Data
====

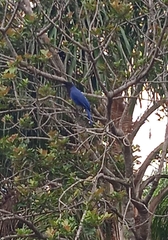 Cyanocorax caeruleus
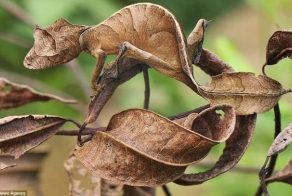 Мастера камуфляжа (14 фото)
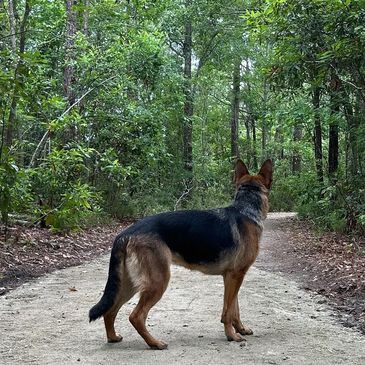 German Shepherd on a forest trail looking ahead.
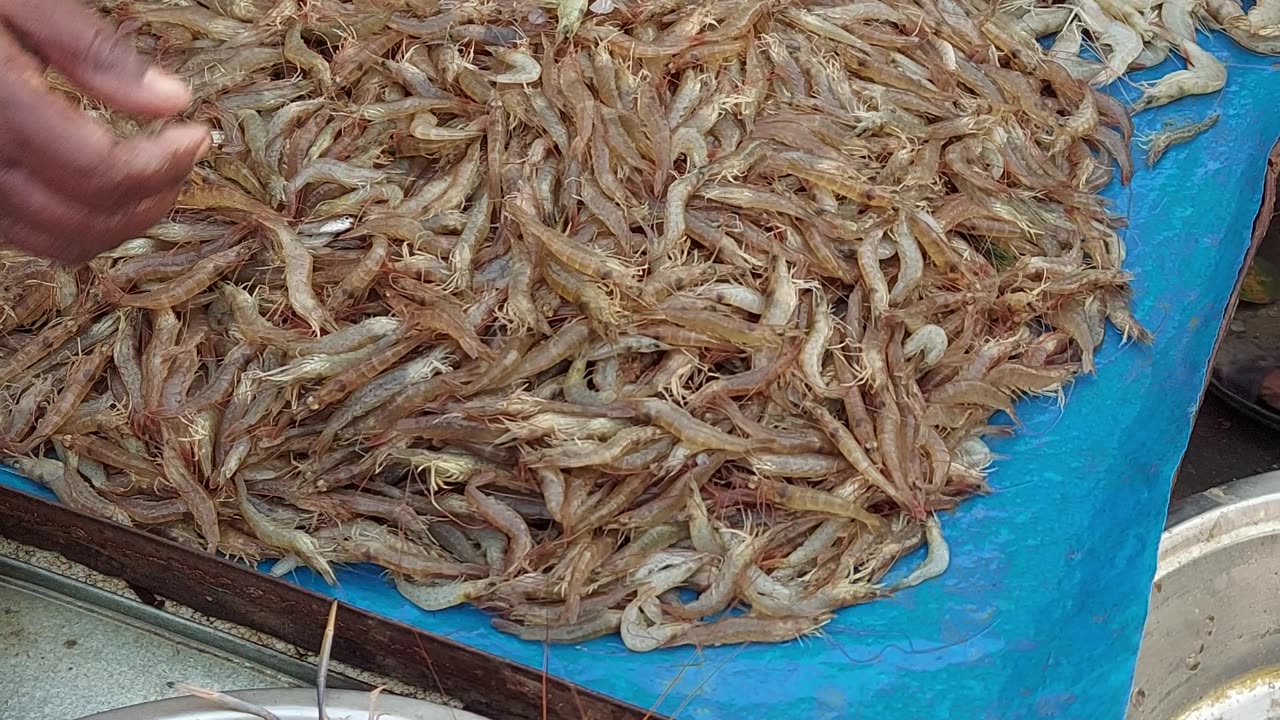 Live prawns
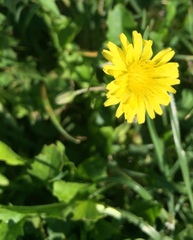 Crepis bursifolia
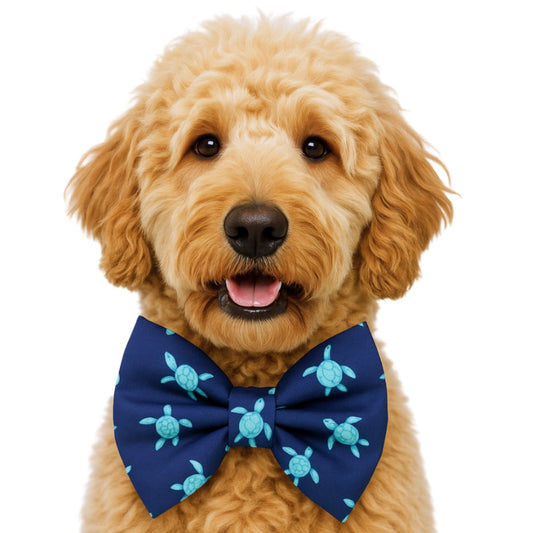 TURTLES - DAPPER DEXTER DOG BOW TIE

====

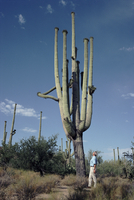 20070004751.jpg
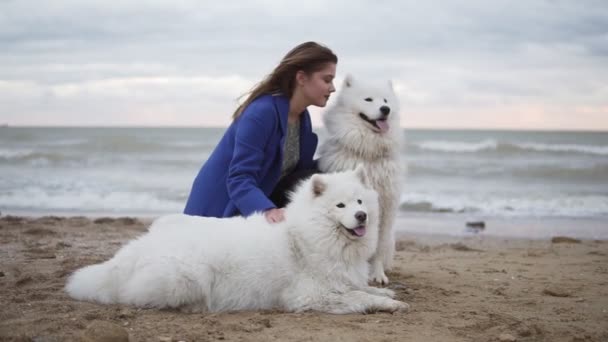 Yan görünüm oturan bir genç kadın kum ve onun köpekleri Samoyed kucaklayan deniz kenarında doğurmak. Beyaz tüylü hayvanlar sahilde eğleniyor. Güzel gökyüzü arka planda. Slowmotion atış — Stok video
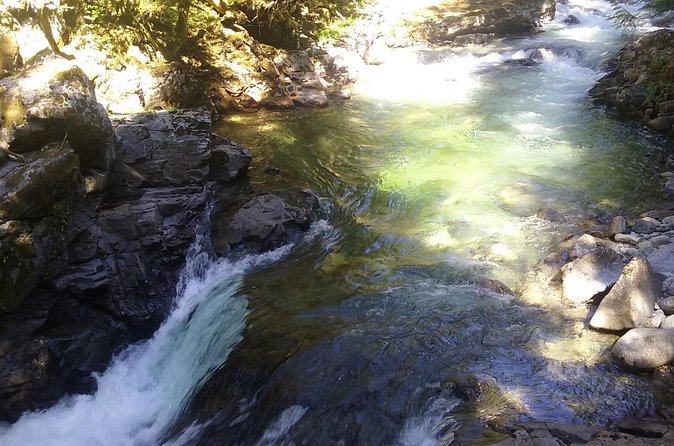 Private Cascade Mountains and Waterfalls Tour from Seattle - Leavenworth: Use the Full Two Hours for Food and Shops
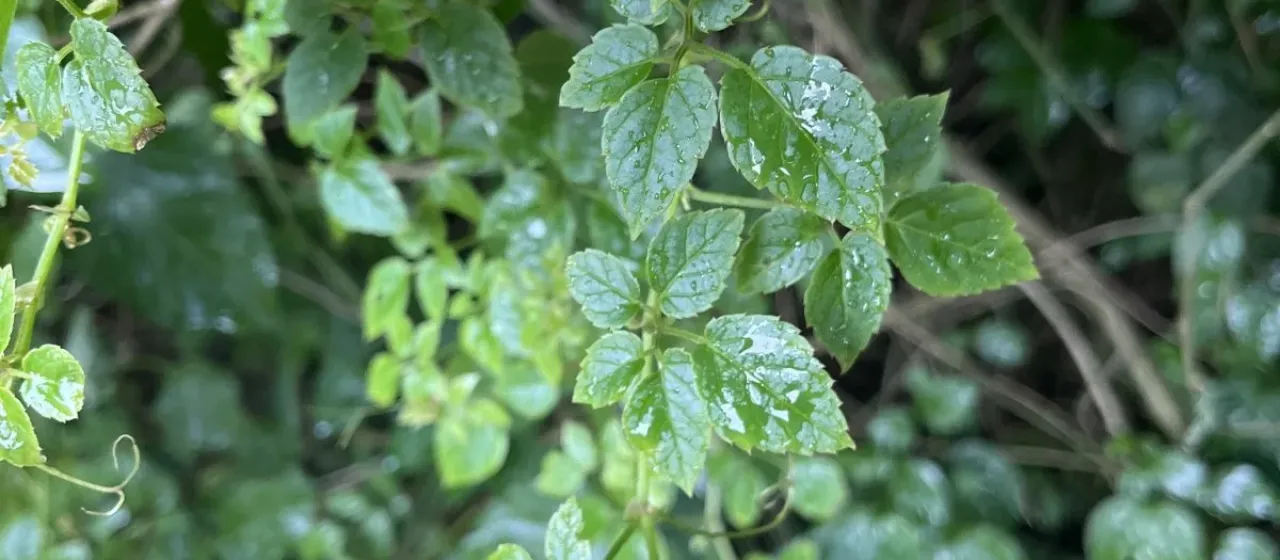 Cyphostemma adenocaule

====

Task description
Using the data above, give again exactly the lines starting at the one holding "Private Cascade Mountains" and ending at the one holding "Cyphostemma adenocaule", inclusive, and nothing more. Omit the pictures.

Solution for this problem
 Private Cascade Mountains and Waterfalls Tour from Seattle - Leavenworth: Use the Full Two Hours for Food and Shops
 Cyphostemma adenocaule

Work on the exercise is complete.